Gene expression for three doses of vidaza treated samples also increased, and 10µM vidaza-
treated samples showed more increased expression than 1µM and 5 µM vidaza-treated
samples. The fact that the largest number of differentially expressed genes occurred for the
highest dose and not the dose with the most DNA methylation changes (lowest dose), suggests
a treatment toxicity that affects gene expression directly and not as a consequence of DNA
methylation. After integrating the DNA methylation and gene expression profiles, there is a
small number of significantly changed expression probes matched to methylation probes (BH-
adjusted p<0.05, FC>1 or <-1).
The drug, vidaza is a DNA methylation inhibitor and can affect methylation through cell
division. The large number of changes in the methylation profile is expected given the known
function of this drug. However, many factors may result in changes in gene expression, and
they may not be direct consequences of the methylation changes. A previous study indicated
41
that concordant demethylation and up-regulation of gene expression was limited to a set of
160 genes (about 3.4% of demethylated genes) [9]. In this study, 1.8% of demethylated two
probe genes were found relate to up-regulation of gene expression (Table 5). This discrepancy
reflects the fact that many methylation changes in the genome are not necessarily
accompanied by functional consequences on gene expression. Weber et al. demonstrated that
the impact of methylation on the transcriptional activity of promoters depends on the CpG
content in these DNA regions, such as promoters with low CpG contents are hypermethylated
and this doesn’t preclude gene expression [10].In other words, demethylation will not
necessary lead to the increase of gene expression. Data analysis in this study leads to similar
result, and indicates that most of the methylation changes do not lead to a significant change of
promoter activity.
Furthermore, terminal differentiation in the myeloid lineage results in apoptosis. One of
the major effects of hypomethylating agents is their cytotoxic action by induction of apoptosis,
similar to that induced by cytostatic drugs, independent from cellular differentiation [11,12]. In
this study, the induction of apoptosis following vidaza treatment happened and a possible link
between hypomethylation and apoptosis induction can be studied in the future.
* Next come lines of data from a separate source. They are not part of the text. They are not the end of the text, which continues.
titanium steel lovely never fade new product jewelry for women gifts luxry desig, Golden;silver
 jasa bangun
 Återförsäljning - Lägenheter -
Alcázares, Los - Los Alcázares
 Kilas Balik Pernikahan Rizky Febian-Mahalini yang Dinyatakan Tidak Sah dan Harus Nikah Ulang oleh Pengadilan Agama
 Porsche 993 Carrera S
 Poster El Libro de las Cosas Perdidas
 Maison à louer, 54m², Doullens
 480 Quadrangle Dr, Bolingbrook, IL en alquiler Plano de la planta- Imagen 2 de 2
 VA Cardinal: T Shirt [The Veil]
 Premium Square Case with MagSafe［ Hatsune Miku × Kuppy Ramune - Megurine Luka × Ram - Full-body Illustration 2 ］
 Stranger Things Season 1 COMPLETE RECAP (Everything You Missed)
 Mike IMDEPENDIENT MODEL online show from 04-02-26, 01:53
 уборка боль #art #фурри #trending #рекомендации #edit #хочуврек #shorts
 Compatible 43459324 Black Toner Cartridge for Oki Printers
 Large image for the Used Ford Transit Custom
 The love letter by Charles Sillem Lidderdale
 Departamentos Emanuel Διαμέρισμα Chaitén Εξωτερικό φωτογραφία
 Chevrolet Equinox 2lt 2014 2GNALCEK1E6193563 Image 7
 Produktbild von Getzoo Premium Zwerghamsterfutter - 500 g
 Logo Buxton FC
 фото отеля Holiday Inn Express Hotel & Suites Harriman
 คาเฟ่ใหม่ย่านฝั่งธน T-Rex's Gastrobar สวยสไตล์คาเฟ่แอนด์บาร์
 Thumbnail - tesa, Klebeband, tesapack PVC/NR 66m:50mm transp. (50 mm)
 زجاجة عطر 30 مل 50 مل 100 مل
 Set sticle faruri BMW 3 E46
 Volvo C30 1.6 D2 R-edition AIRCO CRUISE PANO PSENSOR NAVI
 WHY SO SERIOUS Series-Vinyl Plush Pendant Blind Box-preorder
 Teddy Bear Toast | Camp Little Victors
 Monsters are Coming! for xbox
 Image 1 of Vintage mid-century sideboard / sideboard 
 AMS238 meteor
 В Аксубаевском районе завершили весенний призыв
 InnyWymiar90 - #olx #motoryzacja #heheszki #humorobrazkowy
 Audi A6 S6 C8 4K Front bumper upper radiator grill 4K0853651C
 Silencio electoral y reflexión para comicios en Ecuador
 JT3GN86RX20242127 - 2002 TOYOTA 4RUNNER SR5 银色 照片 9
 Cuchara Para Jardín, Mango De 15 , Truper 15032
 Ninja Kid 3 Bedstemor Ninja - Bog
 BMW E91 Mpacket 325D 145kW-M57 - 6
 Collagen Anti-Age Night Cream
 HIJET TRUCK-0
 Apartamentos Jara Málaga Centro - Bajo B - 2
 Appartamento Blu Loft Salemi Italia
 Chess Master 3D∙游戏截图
It is found that for genes in 1 µM vidaza-treated samples, demethylation occurred in one
day and measurements on day 1,3 and 5 in the experiment cannot capture those fast changes
happened in the first day. Further study may use a smaller time scale, such as 8 hr to measure
methylation value for 1 µM vidaza-treated samples.
Illumina Infinium HumanMethylation27 BeadChip was used to measure methylation
value in this study. However, a more comprehensive array platform, Infinium
42
HumanMethylation450 (HM450), has now been introduced. The HM450 array targets 485,512
cytosine probes covering 99% of RefSeq genes. The probes interrogate 19,755 unique CpG
islands with additional coverage in shore regions and miRNA promoters as well as 3091 probes
at non-CpG sites [13]. Further study can use the HM450 array that contains both direct effect of
promoters and indirect effect of enhancers, in this case, more genes that have concordant
demethylation and increased gene expression may be identified.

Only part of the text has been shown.